### [Data extracts]
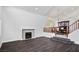 Spacious living room features hardwood flooring, a fireplace, and adjacent dining area at 511 Beaconwood St, Henderson, NV 89052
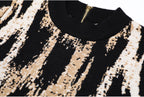Detailed view of knit pattern and neckline with zipper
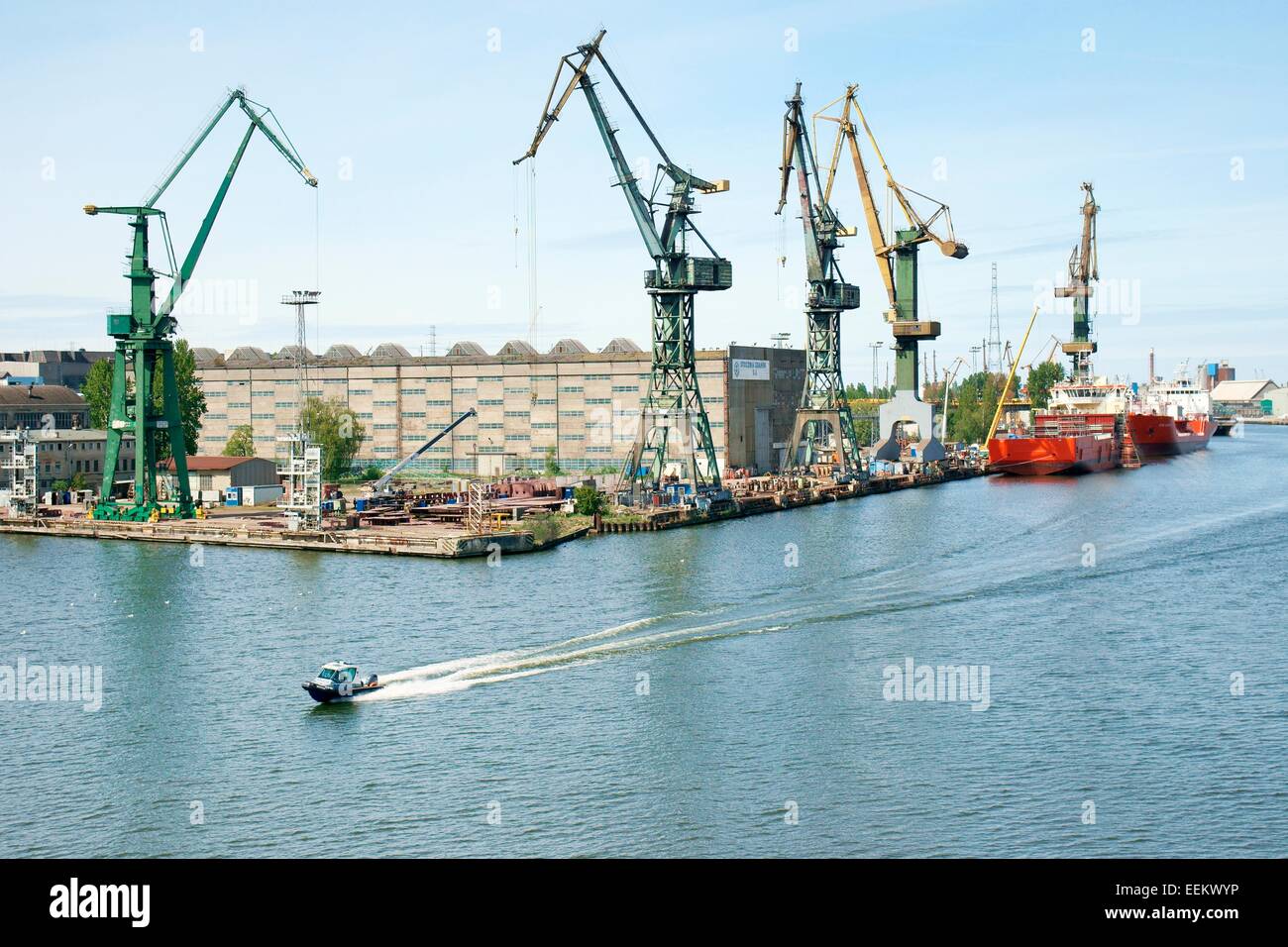 Gdansk Poland. Port dock facilities and warehouses of Stocznia Gdansk S.A. on south tip of Ostrow Island Stock Photo
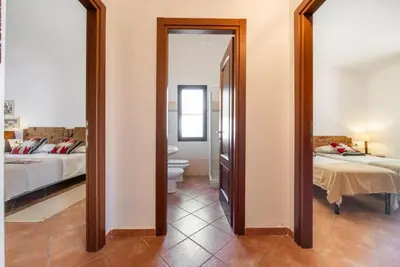 Letto o letti in una camera di Lovely cottage with garden near Orosei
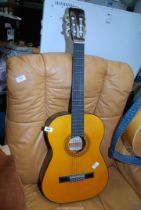 A six string Acoustic Guitar, Prince model C425.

### [Exercise instructions]
No pictures should appear in the copy. Reproduce exactly the lines from the line containing "Letto o letti" through the last line of the data, inclusive.

### [Response below]
 Letto o letti in una camera di Lovely cottage with garden near Orosei
 A six string Acoustic Guitar, Prince model C425.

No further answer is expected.